The jaundice that accompanies pancreatic cancer is typically caused by bile spilling into the bloodstream from tissue damage caused by an obstruction in the ducts that lead to the small intestine.
6. Your Stools Are Light or Greasy
Similar to the onset of jaundice, your intestines don’t receive sufficient liquids from your pancreas when you have pancreatic cancer. This leads to your stool looking noticeably different compared to normal conditions.
If you see that your stool has suddenly changed its usual consistency and color, it’s time to see your doctor and explain your concern.
7. Chest Pain
You might notice that you have pain in your chest, which is often a side effect of blood clots. When a piece of one of your blood clots breaks loose, it can travel up and into your lungs. This leads to trouble breathing and accompanying chest pain.
If this happens, it can be very serious. When part of a blood clot ends up in your lungs, it’s referred to as a pulmonary embolism (PE). Seek medical care immediately to avoid further health complications.
Depression is a very common symptom of pancreatic cancer. If you notice that you are feeling persistently sad, apathetic, and can’t find any joy in life following a diagnosis of pancreatic cancer, don’t feel alarmed.
Most people with similar diagnoses experience depression. What’s important is that you have a strong support network in place to assist you during these challenging times. The difference that caring, supportive friends and family make cannot be overstated.
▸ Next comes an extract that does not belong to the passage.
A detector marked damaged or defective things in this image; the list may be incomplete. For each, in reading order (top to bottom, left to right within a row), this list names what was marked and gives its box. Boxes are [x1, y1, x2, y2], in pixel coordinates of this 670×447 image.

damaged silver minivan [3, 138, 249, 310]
Fatigue is often a sign that your body isn’t getting enough rest. But it can also be an indication that your pancreas is not producing enough insulin to regulate your blood sugar levels properly.
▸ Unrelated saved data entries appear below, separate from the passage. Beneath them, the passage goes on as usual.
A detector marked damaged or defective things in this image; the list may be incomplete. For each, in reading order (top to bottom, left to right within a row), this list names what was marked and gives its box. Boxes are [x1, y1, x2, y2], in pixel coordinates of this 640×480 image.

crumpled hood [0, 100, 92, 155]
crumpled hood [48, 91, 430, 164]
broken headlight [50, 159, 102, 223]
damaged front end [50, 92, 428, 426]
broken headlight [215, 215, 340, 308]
If you experience extreme fatigue or lethargy and can’t understand why, talk to your doctor right away. Most patients who are diagnosed with pancreatic cancer will struggle with these symptoms of tiredness during some point.
While your experience might be different, it’s important to seek medical counsel if you feel fatigued for more than a few days. 
10. Dark Urine
Dark urine is the result of cancer spreading to the liver. This is a common occurrence among pancreatic cancer patients. In many cases, you will notice dark urine just before jaundice (discussed above) sets in.
The two are typically linked, so keep a close eye on urine changes and skin discolorations. Let your doctor know the moment you notice anything is off.
If you notice any of the following signs, you should seek medical attention right away. If you ignore any of the following signs, it could be a red flag that something much worse is going on. While pancreatic cancer is a serious medical condition with low survival rates, you should never put off telling your medical provider about your concerns.
The sooner medical treatment can be provided, the better chance you have of overcoming your diagnosis.